**Task directions:**
Pictures should be left out while the data beneath this task is written out word for word.

═══ Task inputs

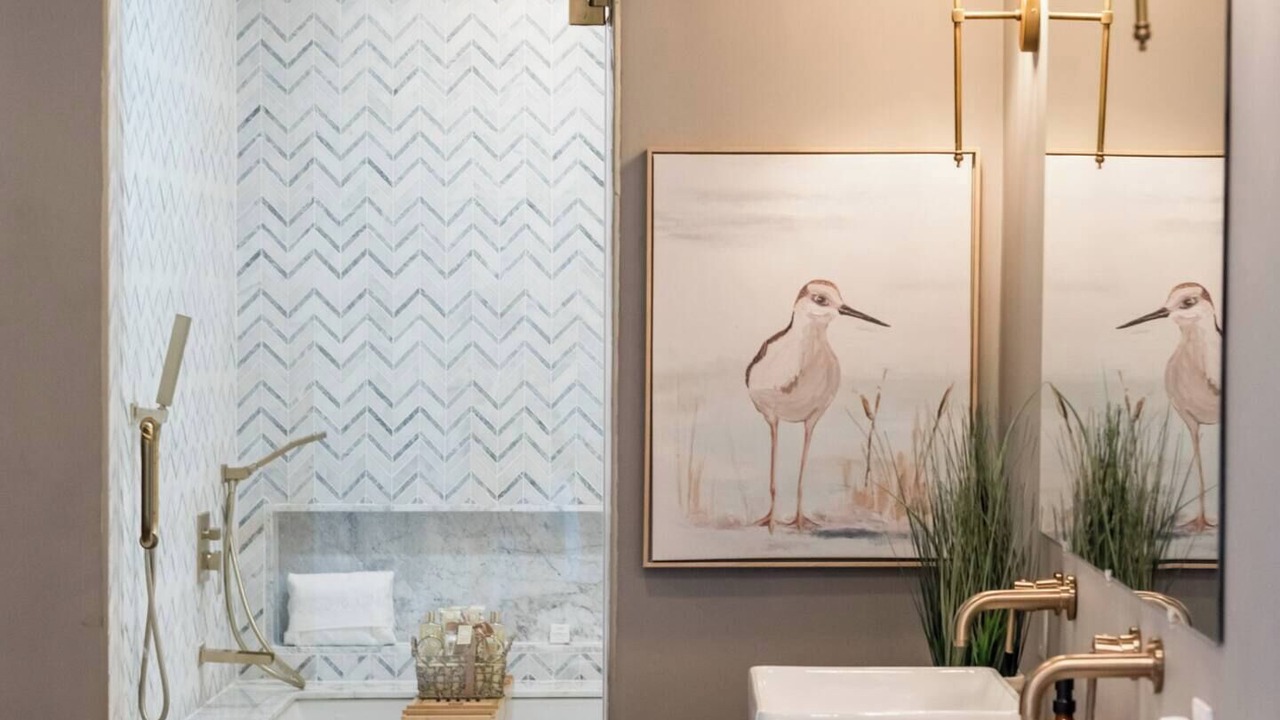 Photo of Bathroom in Junius Heights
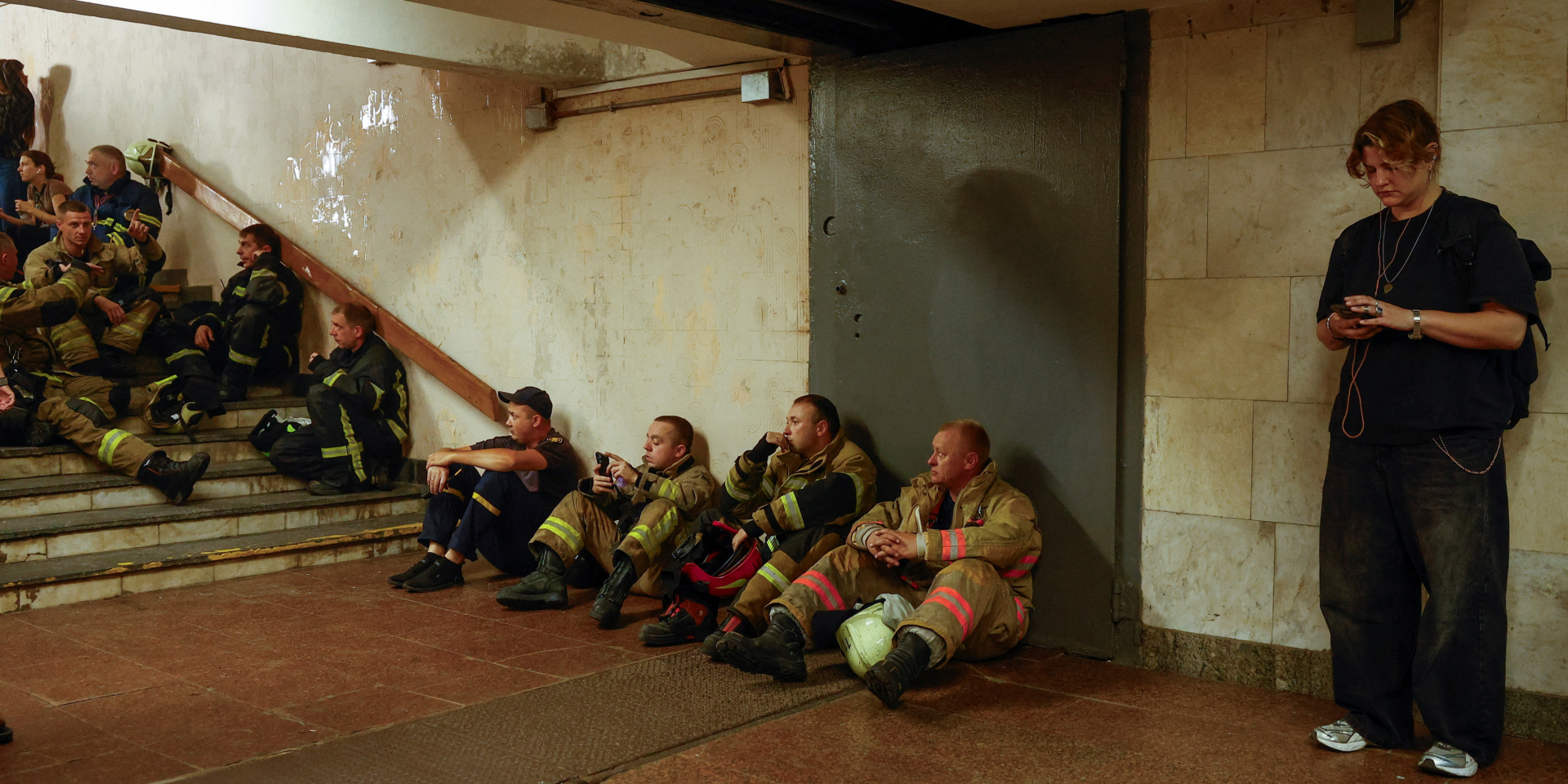 FIrst responders and Kyiv residents shelter in Kyiv subway (Photo: REUTERS/Valentyn Ogirenko)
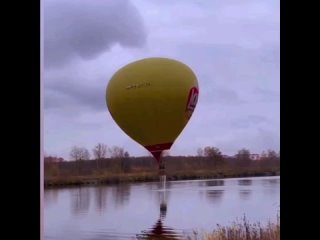🪂Прогулка на воздушном шаре чуть было не закончилась трагедией в подмосковном Дмитрове.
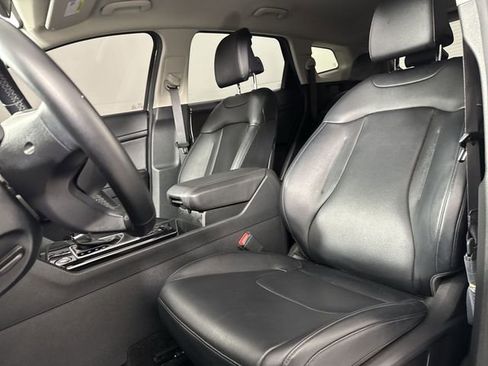 Used 2025 Kia Sportage EX AWD/4WD image 19
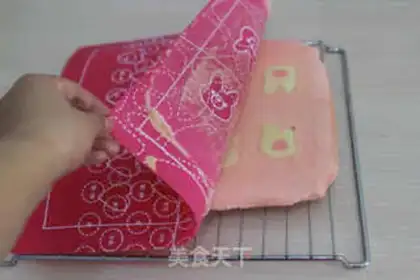 Make Pink bunny roll step 14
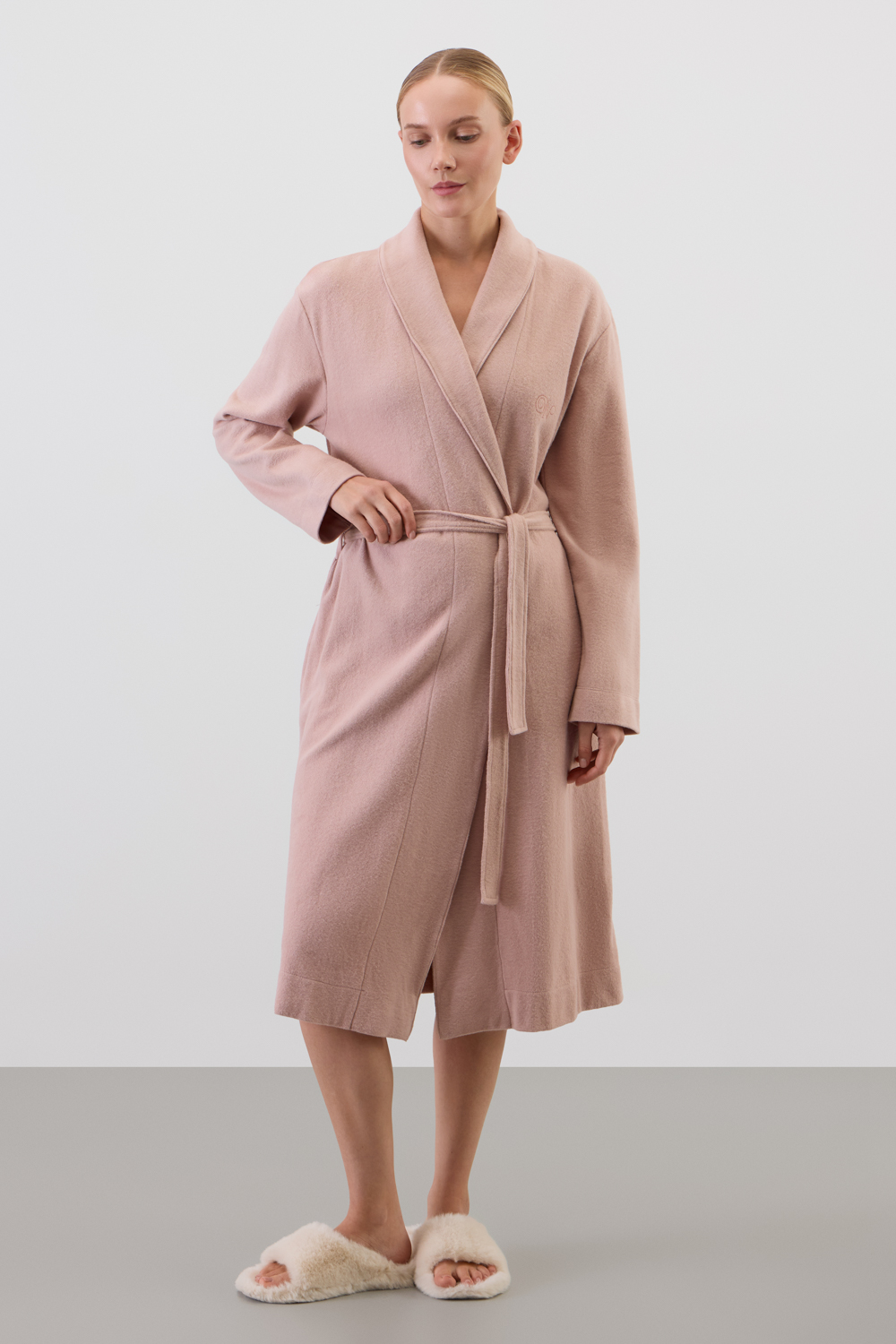 картинка Халат из 100% хлопка с пич эффектом от магазина Одежда+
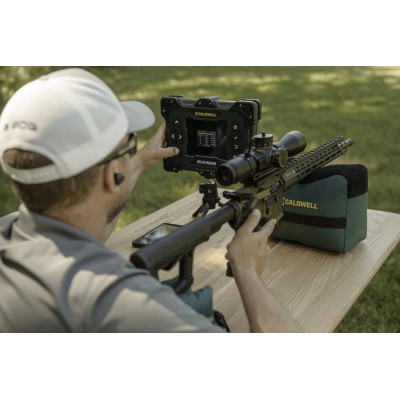 Konstrukce, otočná o 360 stupňů, rozšiřuje palebné pole, aniž by bylo nutné měnit polohu střeleckého stolu.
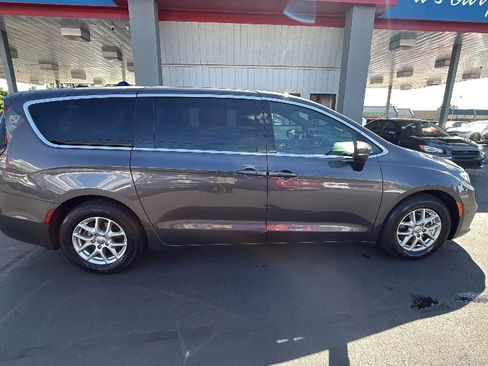 Used 2023 Chrysler Pacifica Touring FWD image 7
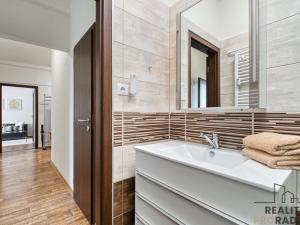 Prodej bytu 2+1, Ostrava - Poruba, Dětská, 61 m2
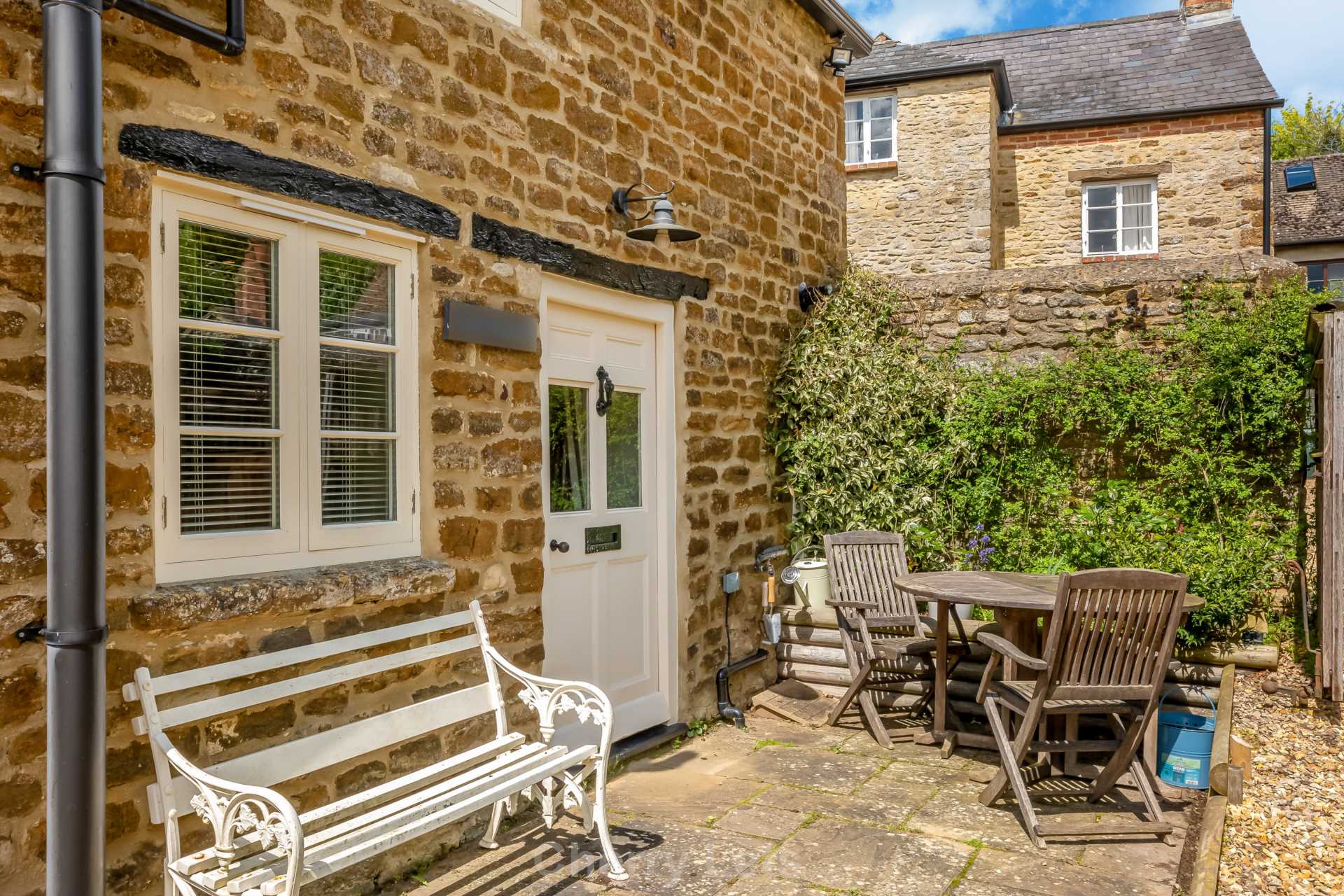 2 bed detached house to rent in North Side, Steeple Aston, OX25 8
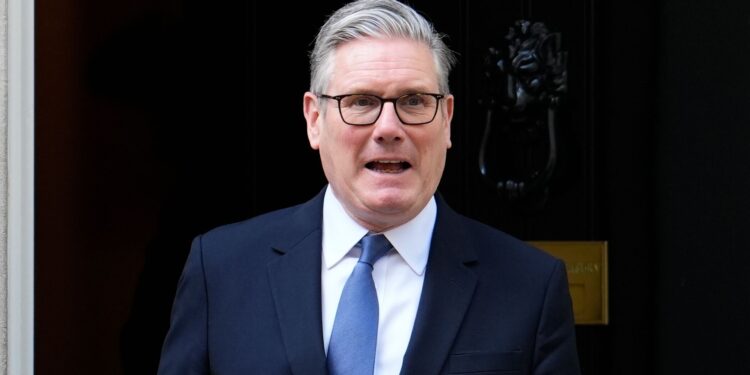 Starmer steunt ontslag topambtenaar en zet strijd voort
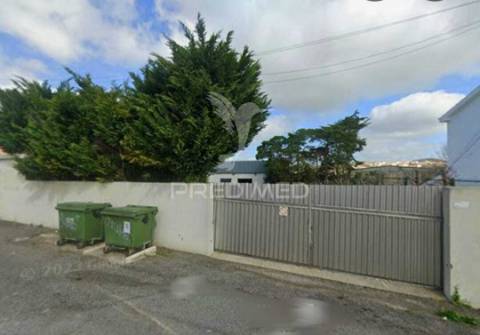 Arrendar armazém 1200m2 e logradouro, sintra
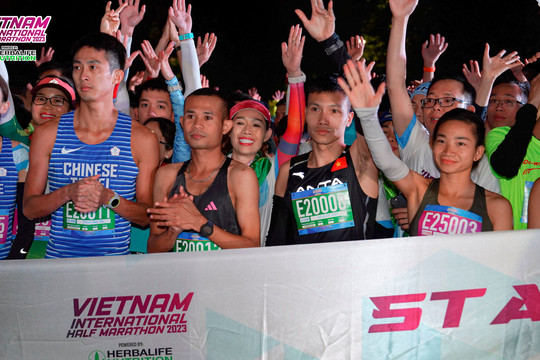5.000 vận động viên tham gia Giải bán marathon quốc tế 2024 tại Hà Nội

══════

**Expected output:**
 Photo of Bathroom in Junius Heights
 FIrst responders and Kyiv residents shelter in Kyiv subway (Photo: REUTERS/Valentyn Ogirenko)
🪂Прогулка на воздушном шаре чуть было не закончилась трагедией в подмосковном Дмитрове.
 Used 2025 Kia Sportage EX AWD/4WD image 19
 Make Pink bunny roll step 14
 картинка Халат из 100% хлопка с пич эффектом от магазина Одежда+
 Konstrukce, otočná o 360 stupňů, rozšiřuje palebné pole, aniž by bylo nutné měnit polohu střeleckého stolu.
 Used 2023 Chrysler Pacifica Touring FWD image 7
 Prodej bytu 2+1, Ostrava - Poruba, Dětská, 61 m2
 2 bed detached house to rent in North Side, Steeple Aston, OX25 8
 Starmer steunt ontslag topambtenaar en zet strijd voort
 Arrendar armazém 1200m2 e logradouro, sintra
5.000 vận động viên tham gia Giải bán marathon quốc tế 2024 tại Hà Nội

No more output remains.